This is perhaps the most frequently cited objection. And it begins with a passage that is absolutely true:
“For by grace you have been saved through faith; and that not of yourselves, it is the gift of God; not as a result of works, so that no one may boast.”
— Ephesians 2:8–9
By grace, through faith, not of works. This is true. But the question that must be asked is: what works?

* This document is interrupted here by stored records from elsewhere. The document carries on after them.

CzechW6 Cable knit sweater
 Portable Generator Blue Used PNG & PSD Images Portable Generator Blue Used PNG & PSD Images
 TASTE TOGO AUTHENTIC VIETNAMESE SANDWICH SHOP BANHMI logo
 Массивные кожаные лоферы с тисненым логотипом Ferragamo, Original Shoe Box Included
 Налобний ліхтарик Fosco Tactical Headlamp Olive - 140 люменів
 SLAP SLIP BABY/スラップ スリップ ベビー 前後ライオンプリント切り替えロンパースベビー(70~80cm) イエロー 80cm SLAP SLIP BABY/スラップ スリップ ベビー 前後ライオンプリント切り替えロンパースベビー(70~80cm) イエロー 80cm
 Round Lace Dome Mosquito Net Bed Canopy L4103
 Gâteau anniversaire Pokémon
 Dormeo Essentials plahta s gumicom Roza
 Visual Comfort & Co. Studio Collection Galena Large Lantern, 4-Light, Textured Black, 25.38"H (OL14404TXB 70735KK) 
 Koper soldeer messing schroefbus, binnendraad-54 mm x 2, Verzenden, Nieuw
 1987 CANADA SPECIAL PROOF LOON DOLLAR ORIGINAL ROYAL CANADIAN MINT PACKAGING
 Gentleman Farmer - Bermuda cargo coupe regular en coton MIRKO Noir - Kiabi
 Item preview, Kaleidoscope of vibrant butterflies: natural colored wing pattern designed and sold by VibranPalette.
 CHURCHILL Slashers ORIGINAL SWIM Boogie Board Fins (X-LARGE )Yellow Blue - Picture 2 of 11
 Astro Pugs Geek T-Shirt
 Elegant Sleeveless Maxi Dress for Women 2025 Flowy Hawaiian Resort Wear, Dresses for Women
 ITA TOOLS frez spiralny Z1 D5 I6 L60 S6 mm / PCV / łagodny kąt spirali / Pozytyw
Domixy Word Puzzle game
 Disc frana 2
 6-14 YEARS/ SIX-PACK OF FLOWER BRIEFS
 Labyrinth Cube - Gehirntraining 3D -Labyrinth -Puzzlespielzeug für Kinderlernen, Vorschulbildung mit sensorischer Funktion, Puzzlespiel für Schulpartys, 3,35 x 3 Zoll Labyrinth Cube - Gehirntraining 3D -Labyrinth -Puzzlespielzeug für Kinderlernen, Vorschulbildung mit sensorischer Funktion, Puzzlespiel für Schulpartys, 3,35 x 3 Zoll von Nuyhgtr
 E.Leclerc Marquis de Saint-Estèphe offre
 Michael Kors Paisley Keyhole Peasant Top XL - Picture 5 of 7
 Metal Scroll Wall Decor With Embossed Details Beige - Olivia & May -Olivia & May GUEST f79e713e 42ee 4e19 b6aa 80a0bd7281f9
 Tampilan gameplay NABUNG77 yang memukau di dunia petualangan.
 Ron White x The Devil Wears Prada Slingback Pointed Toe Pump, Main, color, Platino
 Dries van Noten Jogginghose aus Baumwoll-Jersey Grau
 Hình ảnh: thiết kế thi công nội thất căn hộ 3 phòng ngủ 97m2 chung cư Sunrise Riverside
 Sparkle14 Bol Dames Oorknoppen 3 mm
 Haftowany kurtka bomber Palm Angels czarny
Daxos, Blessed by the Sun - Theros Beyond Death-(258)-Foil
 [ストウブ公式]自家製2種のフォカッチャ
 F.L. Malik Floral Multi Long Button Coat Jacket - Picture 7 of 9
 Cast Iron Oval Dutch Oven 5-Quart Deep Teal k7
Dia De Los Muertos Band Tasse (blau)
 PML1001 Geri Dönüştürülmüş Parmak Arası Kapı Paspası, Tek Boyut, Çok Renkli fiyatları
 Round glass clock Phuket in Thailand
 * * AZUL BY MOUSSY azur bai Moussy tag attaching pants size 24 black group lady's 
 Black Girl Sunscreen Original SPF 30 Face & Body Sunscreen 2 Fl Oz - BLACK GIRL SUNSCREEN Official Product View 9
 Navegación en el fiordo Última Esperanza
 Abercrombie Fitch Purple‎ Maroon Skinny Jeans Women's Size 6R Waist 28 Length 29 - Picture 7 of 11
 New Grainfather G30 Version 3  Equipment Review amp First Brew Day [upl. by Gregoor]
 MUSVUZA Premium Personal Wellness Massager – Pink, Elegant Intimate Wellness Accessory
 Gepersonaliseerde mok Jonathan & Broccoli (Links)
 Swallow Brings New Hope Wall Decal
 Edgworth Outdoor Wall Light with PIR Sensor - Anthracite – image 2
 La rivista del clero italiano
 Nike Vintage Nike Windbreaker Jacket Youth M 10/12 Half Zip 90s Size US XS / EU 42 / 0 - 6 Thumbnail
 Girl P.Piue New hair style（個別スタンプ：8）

Paul was writing to the Ephesians — a mixed congregation of Jews and Gentiles. The great controversy of the early church was whether Gentile converts had to keep the Law of Moses — circumcision, dietary laws, Sabbath observance, the sacrificial system. This is the context of Paul’s letters. When Paul says “not of works,” he is talking about works of the Law. He makes this explicit elsewhere:
“Nevertheless knowing that a man is not justified by the works of the Law but through faith in Christ Jesus, even we have believed in Christ Jesus, so that we may be justified by faith in Christ and not by the works of the Law; since by the works of the Law no flesh will be justified.”
— Galatians 2:16
Works of the Law. That is what cannot save you. No amount of law-keeping earns salvation. But obedience to the commands of Christ is not the same as works of the Law. And the Scriptures make this distinction clear through examples that no honest reader can miss.
Noah — “By faith Noah, being warned by God about things not yet seen, in reverence prepared an ark for the salvation of his household” (Hebrews 11:7). Noah built the ark. He cut the wood. He sealed it with pitch. He labored for years. Was that a “work”? Did his obedience earn his salvation? Or did God save him when he obeyed?
Naaman — The Syrian commander was told by Elisha to dip in the Jordan River seven times to be cleansed of his leprosy (2 Kings 5). Naaman was angry at first — he expected something more dramatic. But when he humbled himself and obeyed, dipping seven times, he was healed. Did dipping in the river earn his healing? Or did God heal him when he obeyed?
Jericho — “By faith the walls of Jericho fell down after they had been encircled for seven days” (Hebrews 11:30). Israel marched around the city. They shouted. The walls fell. Did marching knock the walls down? Did shouting collapse the stone? Or did God act when they obeyed?
In every case, God required an act of obedient faith. The act itself did not produce the result. God’s power accomplished it. But God chose to act at the point of obedience. And baptism is no different. God washes away sins. God transfers a person from darkness to light. But He has chosen to do it at the point of baptism — just as He healed Naaman at the point of dipping, and saved Noah at the point of entering the ark, and brought down the walls at the point of the shout.
Obedience has never negated grace. It is the response to grace. And anyone who says that obeying Christ’s command to be baptized is “adding works to the gospel” must also say that Noah should not have built the ark and Naaman should not have dipped in the river.
The Verse That Settles the Question
If there were any remaining doubt that baptism and grace are not opposed to each other, one verse settles it completely — and remarkably, it joins both ideas in a single sentence:
“He saved us, not on the basis of deeds which we have done in righteousness, but according to His mercy, by the washing of regeneration and renewing by the Holy Spirit.”
— Titus 3:5
Paul, in one breath, says both things: not on the basis of our righteous deeds (grace), but by the washing of regeneration (baptism). The same apostle who so emphatically denied works-salvation in Ephesians 2:8–9 and Galatians 2:16 names baptism here as the very means by which God saves. If baptism were a “work of merit,” this sentence would contradict itself. It does not. Paul saw no contradiction because there is none.
The phrase “washing of regeneration” points unmistakably to baptism. The Greek word for washing (loutron) refers to a bath or washing ceremony — the same concept Ananias invoked when he told Saul to “be baptized, and wash away your sins” (Acts 22:16), and the same concept behind Paul’s description of the church as cleansed by “the washing of water with the word” (Ephesians 5:26). And regeneration — being made new, being born again — is precisely what Jesus described to Nicodemus when He spoke of being “born of water and the Spirit” (John 3:5).
So in Titus 3:5, the one apostle who wrote most extensively against salvation by works of the Law joins baptism and regeneration and grace in a single sentence — not as three competing systems, but as one coherent picture. God, in His mercy (grace), regenerates (new birth), through the washing (baptism). No tension. No contradiction. No “either-or.” Grace saves, and grace saves through the means God appointed.